» Study material
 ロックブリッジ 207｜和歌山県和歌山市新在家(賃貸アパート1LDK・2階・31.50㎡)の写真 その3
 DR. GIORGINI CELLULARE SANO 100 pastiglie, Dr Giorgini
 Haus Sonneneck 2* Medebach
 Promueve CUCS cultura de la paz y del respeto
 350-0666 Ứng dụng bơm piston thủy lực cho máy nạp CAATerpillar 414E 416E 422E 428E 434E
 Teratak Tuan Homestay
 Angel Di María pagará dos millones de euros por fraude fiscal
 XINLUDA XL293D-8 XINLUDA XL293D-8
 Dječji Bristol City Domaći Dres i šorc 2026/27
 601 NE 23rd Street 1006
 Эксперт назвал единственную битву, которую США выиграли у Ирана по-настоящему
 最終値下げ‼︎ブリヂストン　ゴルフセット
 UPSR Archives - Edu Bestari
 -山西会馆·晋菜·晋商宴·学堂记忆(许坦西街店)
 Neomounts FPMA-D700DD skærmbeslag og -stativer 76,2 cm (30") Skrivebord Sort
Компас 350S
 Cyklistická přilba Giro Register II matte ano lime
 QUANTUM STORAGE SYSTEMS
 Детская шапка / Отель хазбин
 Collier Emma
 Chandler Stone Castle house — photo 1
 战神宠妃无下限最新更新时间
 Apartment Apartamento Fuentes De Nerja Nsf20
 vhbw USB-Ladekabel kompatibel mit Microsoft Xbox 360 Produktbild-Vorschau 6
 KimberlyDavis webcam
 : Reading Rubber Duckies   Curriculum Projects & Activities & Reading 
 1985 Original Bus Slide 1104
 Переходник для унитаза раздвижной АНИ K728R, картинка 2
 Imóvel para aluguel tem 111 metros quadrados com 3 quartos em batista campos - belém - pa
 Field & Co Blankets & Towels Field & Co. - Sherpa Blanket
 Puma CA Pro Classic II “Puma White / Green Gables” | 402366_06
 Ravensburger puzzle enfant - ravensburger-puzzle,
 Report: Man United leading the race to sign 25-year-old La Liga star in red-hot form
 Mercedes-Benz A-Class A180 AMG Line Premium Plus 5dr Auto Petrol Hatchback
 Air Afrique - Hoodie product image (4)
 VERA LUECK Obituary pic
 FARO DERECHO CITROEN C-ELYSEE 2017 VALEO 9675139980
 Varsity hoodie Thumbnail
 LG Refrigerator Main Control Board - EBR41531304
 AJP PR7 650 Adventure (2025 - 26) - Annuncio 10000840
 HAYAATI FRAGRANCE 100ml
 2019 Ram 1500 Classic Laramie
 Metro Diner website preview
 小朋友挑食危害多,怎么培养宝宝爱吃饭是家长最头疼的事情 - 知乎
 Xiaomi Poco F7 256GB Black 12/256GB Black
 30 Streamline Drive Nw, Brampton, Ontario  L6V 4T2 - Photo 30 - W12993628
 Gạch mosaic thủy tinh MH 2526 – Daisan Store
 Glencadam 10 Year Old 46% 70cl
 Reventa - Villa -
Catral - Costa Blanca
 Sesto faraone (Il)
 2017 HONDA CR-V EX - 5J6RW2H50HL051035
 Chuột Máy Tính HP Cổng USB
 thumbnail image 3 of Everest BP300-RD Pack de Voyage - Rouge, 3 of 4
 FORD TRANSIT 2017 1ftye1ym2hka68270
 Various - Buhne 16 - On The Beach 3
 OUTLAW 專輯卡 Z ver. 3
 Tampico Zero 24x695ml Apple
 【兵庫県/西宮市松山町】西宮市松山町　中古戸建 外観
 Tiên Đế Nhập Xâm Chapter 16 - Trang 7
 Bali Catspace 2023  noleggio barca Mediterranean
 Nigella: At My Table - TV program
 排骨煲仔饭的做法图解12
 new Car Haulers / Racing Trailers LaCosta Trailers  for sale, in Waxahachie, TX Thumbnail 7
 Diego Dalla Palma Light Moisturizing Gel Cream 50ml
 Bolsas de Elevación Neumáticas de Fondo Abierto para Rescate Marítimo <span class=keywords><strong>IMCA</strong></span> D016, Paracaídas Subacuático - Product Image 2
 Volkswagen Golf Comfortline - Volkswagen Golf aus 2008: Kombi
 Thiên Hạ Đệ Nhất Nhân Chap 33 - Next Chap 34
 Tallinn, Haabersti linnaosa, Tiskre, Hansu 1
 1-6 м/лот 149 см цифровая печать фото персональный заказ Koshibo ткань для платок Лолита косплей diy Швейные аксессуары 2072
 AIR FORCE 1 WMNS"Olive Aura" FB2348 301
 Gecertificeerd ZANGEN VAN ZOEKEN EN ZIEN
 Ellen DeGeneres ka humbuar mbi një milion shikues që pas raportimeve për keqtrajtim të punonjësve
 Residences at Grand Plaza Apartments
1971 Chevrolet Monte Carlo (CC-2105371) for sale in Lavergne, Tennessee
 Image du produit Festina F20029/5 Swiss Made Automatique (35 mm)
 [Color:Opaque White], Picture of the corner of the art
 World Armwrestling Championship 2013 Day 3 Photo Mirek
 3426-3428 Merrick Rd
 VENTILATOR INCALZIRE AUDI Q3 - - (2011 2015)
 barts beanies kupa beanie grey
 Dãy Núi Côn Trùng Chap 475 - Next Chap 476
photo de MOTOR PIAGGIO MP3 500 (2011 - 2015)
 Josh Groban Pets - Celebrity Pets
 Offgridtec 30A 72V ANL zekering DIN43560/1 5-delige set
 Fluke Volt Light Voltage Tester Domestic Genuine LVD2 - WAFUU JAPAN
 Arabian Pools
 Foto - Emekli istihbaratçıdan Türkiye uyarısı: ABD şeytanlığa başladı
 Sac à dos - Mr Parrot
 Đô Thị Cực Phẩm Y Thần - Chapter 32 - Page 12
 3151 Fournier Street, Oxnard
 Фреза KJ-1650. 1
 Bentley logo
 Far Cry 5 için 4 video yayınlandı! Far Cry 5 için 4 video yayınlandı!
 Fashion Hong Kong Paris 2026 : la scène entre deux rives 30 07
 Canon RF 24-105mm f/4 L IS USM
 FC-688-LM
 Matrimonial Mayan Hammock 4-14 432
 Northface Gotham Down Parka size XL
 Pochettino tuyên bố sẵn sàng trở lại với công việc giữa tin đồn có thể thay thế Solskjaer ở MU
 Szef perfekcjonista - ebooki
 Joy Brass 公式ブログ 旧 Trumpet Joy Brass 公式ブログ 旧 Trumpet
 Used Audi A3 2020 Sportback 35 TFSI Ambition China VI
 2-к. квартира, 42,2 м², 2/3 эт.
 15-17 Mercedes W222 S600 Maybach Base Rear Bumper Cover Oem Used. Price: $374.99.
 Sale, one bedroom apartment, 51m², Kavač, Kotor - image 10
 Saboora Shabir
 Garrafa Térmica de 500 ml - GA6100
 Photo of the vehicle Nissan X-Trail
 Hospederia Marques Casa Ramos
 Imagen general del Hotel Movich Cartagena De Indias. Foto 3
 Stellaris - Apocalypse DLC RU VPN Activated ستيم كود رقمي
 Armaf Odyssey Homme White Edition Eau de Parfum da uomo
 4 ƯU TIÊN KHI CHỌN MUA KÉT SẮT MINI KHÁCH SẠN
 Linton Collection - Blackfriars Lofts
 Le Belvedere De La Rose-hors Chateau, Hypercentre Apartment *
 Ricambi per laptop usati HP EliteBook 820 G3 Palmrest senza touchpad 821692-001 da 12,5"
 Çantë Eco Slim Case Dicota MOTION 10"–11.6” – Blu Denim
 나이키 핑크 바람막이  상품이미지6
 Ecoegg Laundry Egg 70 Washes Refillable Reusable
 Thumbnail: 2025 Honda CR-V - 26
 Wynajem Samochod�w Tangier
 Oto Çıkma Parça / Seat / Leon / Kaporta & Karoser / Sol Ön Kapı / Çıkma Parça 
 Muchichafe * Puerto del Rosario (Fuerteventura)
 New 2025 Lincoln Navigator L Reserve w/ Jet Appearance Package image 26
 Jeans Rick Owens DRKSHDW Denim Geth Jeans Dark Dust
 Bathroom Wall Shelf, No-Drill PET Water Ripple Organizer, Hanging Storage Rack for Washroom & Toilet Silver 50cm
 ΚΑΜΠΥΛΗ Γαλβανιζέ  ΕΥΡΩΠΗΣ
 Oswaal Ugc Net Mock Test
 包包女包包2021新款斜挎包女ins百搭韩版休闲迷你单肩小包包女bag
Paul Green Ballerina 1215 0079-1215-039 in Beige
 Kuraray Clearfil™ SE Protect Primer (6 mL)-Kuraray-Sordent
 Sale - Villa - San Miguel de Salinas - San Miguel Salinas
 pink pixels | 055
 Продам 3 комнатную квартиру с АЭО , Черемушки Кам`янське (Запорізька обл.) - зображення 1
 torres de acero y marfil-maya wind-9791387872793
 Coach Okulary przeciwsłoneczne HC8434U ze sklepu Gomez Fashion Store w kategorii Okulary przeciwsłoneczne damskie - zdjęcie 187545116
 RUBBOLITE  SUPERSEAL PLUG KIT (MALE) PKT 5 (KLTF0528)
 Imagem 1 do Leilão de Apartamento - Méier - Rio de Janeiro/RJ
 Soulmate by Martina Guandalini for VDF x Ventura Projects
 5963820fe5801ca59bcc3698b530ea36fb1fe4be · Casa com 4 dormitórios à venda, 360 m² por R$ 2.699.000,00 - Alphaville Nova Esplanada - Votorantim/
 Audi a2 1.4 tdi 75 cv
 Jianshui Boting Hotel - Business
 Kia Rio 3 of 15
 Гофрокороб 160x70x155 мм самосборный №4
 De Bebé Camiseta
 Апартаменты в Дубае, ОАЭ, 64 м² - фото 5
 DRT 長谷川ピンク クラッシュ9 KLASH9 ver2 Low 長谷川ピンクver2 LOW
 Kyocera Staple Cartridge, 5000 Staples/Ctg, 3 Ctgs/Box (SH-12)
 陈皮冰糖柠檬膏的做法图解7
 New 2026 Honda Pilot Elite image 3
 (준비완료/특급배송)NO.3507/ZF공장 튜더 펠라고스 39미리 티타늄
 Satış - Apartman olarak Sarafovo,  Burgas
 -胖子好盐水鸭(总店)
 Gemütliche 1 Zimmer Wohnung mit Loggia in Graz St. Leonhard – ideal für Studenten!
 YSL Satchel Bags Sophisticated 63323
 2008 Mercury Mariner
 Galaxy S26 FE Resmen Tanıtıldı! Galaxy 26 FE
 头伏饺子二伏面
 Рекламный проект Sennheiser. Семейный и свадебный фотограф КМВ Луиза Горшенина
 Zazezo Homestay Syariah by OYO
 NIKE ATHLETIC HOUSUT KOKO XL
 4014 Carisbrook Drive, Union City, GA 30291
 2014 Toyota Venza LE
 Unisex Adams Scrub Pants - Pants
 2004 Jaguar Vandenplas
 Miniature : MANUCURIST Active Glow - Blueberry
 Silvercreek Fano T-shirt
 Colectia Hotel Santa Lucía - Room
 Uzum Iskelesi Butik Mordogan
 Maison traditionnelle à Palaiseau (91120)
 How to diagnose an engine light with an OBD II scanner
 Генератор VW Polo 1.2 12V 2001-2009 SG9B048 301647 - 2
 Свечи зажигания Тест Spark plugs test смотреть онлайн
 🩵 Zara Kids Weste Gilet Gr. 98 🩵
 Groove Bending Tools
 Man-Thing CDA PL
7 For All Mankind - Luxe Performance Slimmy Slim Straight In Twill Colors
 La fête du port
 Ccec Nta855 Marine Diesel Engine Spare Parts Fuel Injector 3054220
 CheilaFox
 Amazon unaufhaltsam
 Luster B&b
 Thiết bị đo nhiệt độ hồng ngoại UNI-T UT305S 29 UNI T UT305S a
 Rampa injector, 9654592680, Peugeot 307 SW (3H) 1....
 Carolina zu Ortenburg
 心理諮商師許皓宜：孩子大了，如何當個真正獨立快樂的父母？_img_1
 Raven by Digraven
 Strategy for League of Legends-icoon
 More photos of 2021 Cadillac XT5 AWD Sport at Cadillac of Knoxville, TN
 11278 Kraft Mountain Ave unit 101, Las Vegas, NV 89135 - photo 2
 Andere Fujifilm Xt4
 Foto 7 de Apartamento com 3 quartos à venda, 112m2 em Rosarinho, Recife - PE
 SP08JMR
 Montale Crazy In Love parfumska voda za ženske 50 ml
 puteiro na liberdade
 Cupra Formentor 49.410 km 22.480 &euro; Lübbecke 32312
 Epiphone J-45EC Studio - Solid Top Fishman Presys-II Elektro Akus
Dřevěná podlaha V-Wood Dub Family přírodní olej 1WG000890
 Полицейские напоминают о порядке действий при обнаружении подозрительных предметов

» Task statement
Start at the first line of the material and transcribe each line exactly, stopping once the line containing "最終値下げ‼︎ブリヂストン　ゴルフセット" has been written.

» Solution
 ロックブリッジ 207｜和歌山県和歌山市新在家(賃貸アパート1LDK・2階・31.50㎡)の写真 その3
 DR. GIORGINI CELLULARE SANO 100 pastiglie, Dr Giorgini
 Haus Sonneneck 2* Medebach
 Promueve CUCS cultura de la paz y del respeto
 350-0666 Ứng dụng bơm piston thủy lực cho máy nạp CAATerpillar 414E 416E 422E 428E 434E
 Teratak Tuan Homestay
 Angel Di María pagará dos millones de euros por fraude fiscal
 XINLUDA XL293D-8 XINLUDA XL293D-8
 Dječji Bristol City Domaći Dres i šorc 2026/27
 601 NE 23rd Street 1006
 Эксперт назвал единственную битву, которую США выиграли у Ирана по-настоящему
 最終値下げ‼︎ブリヂストン　ゴルフセット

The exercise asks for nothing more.